Look through the records below for the line holding "Pila hanglamp met". Write it out exactly, with each following line through the line holding "More Photos Of".

• **Data to process**:
┄┄┄┄┄┄┄┄┄┄

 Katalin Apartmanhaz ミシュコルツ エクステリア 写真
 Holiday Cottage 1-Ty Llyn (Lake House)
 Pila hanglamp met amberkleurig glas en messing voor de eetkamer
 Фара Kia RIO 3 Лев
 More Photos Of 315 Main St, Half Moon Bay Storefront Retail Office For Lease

┄┄┄┄┄┄┄┄┄┄

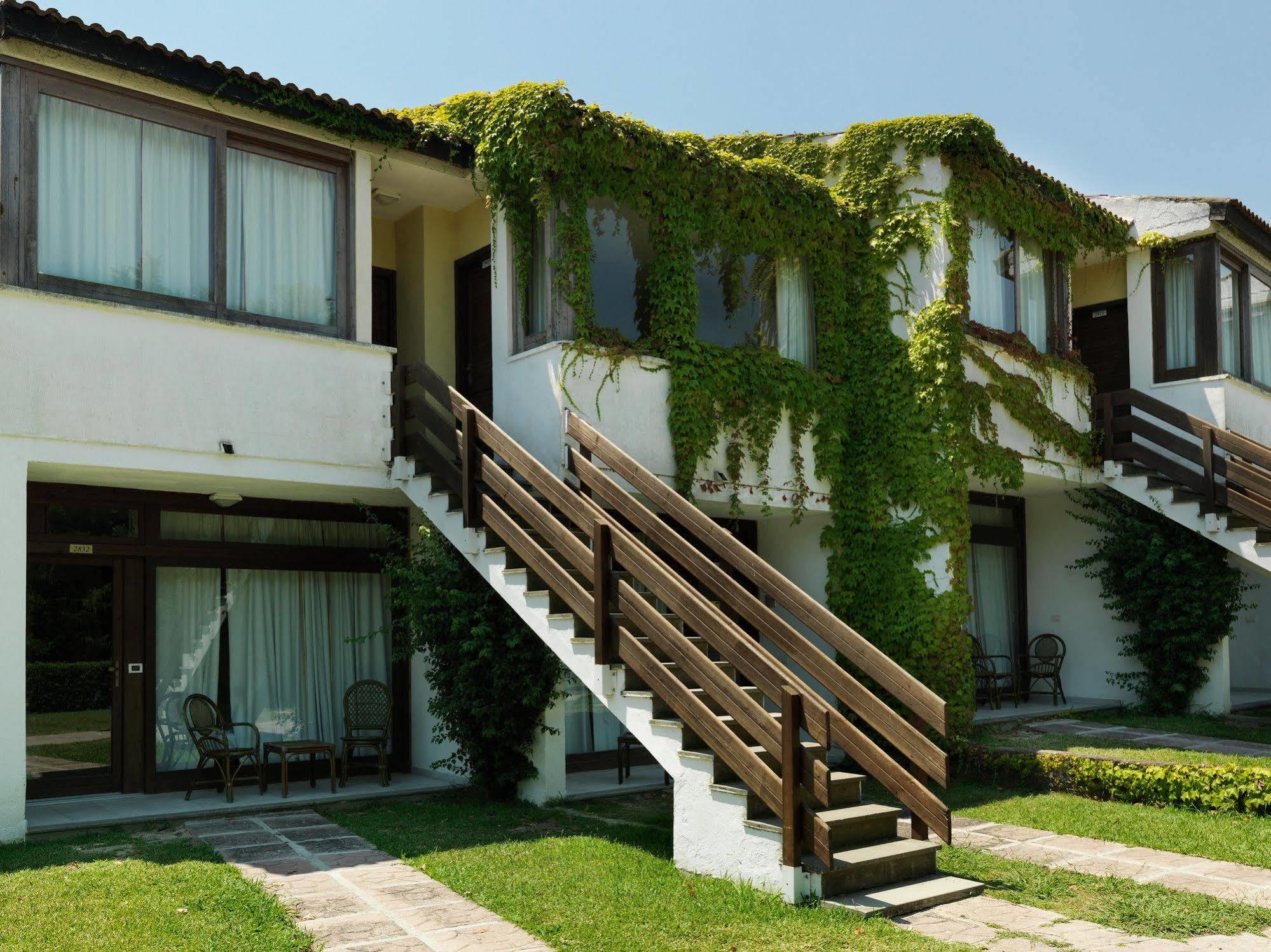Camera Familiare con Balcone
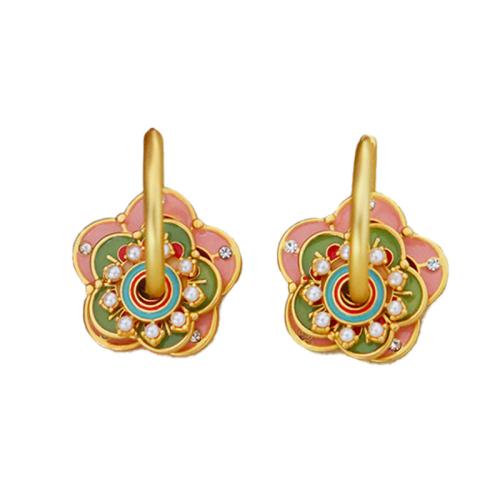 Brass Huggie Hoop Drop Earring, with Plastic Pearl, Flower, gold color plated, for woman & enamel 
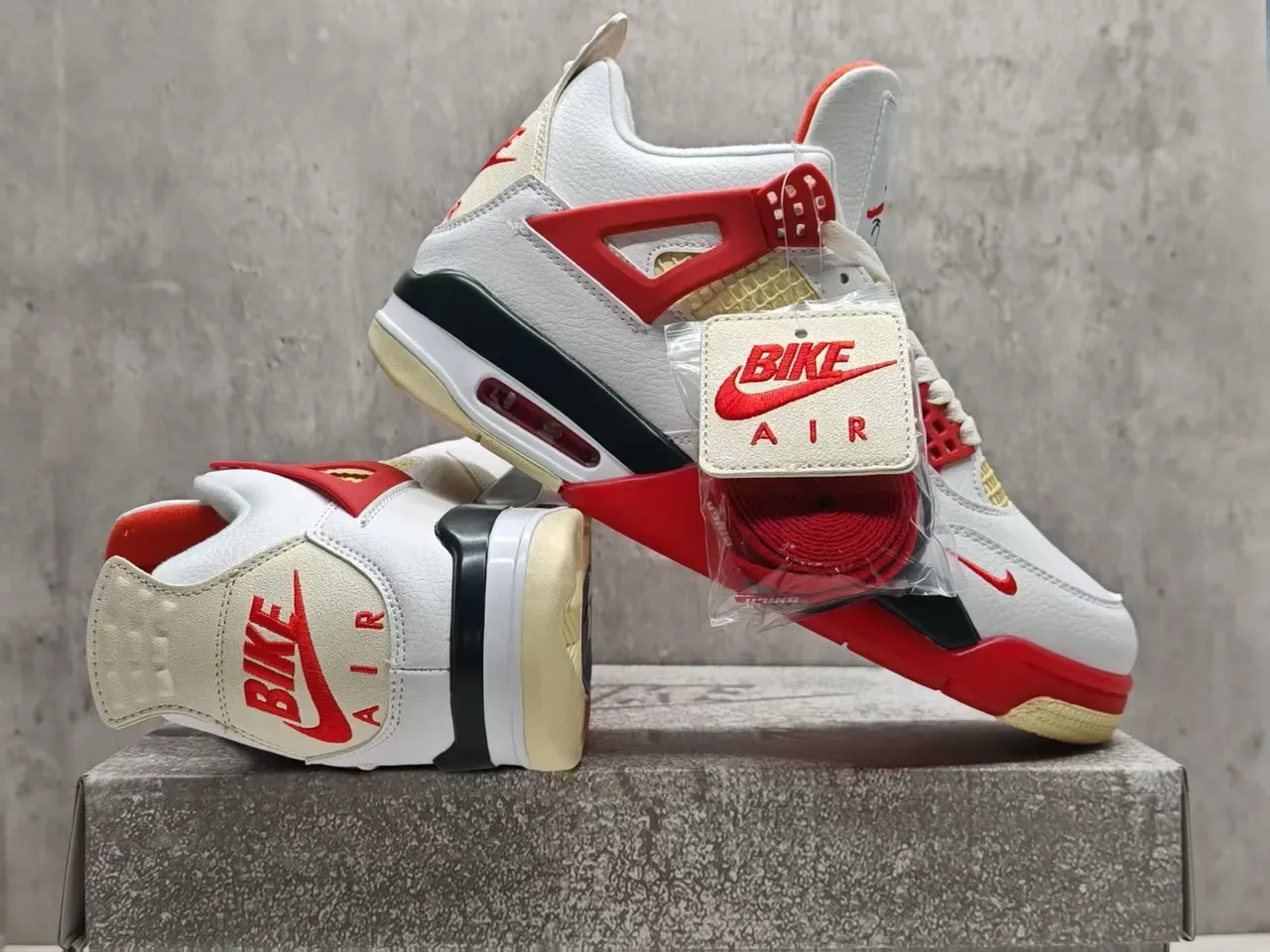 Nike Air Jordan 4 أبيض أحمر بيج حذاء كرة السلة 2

┄┄┄┄┄┄┄┄┄┄

• **Task response**:
 Pila hanglamp met amberkleurig glas en messing voor de eetkamer
 Фара Kia RIO 3 Лев
 More Photos Of 315 Main St, Half Moon Bay Storefront Retail Office For Lease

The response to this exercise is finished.